Jay Honeck
Touchdown! Greaser!
Thanks, Ron. Great stuff.In the past, I've run analyses of Cirrus accidents against Cessna 210s, Cessna 172s, and a combined set of Glasair and Lancairs. I haven't run comparisons against fleet size (yet), since the Cirrus is so much newer. When you have a plane that's in production for less 20 years, it's a lot more likely that the great majority of the planes are still actively flying. The FAA re-registration process affects this, but I'm still anticipating that more of the older designs are licensed but inactive. This, of course, would skew the results.
My standard analysis compares a set of accident causes to the TOTAL number of accidents of that type. In the process, I also compute how often accidents are precipitated by power failure (any type, including fuel exhaustion) and mechanical failure.
The Cirrus scores pretty well, in comparison to those three other types:
Percentage of accidents starting with power failure:
Cirrus: 13.0%
Cessna 210: 31.6%
Glasair/Lancairs: 30.4%
Cessna 172: 15.2%
Again, this includes cases of fuel exhaustion and starvation. This can be significant, as only 2.6% of Cirrus accidents involve either, a much lower percentage than the other sets (the Cessna 210 is 13.8%).

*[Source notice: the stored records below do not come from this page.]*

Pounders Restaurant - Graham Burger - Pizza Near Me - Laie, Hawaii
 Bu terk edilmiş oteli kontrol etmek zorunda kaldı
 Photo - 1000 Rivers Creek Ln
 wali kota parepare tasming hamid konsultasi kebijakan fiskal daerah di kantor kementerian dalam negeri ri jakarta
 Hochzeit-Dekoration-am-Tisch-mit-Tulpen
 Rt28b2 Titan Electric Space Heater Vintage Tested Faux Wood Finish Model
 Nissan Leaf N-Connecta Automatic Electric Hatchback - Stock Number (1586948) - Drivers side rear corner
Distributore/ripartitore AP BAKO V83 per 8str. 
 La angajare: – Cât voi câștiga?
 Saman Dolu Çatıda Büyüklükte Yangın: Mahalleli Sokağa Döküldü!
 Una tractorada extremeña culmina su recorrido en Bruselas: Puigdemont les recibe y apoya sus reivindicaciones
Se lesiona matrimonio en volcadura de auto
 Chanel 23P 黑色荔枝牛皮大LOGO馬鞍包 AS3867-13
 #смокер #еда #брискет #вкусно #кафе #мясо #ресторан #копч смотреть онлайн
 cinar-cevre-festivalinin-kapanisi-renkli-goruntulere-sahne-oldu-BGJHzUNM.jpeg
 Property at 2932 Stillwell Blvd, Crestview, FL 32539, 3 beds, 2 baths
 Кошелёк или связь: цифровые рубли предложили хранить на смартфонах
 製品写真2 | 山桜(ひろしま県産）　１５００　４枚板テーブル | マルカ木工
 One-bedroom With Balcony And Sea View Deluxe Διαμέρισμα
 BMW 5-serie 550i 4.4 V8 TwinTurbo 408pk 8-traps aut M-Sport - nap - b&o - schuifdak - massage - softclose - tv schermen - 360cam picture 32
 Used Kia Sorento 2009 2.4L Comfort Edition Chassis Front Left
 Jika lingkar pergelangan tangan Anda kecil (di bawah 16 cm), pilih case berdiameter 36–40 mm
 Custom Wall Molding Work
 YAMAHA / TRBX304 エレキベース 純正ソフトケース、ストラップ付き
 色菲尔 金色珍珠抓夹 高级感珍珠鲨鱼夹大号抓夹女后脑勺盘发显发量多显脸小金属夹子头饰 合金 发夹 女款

EXCLUDING Fuel Exhaustion and starvation:
Cirrus: 10.4%
Cessna 210: 18.1%
Glasair/Lancairs: 25.1%
Cessna 172: 8.8%
Percentage of accidents beginning with mechanical failure:
Cirrus: 16%
Cessna 210: 28.6%
Glasair/Lancair: 23.1%
Cessna 172: 7.2%
The number of Cirrus accidents and Glasair/Lancair accidents is close (231 vs. 247) and some interesting comparisons can be made. The Cirrus has 20 more "Pilot Miscontrol" accidents (118 vs. 98), which is interesting when you consider the belief that the two "hot" homebuilts are more challenging to fly. However, the median total time of the Cirrus pilots is less than half that of the Glasair/Lancair set (727 vs. 1700).
The cases of continued VFR into IFR conditions is almost identical, 11 cases Cirrus, 10 for Glasair/Lancair.
Engine failures blamed on mechanical issues is the same (13), but this does not include cases caused by faulty maintenance or by the builder.
Ron Wanttaja
And, of course, odd. I can't remember the last power failure of a C-210, but I can rattle off three Cirrus chute deployments after power loss.
Is that because there are so few 210s flying, compared to Cirri?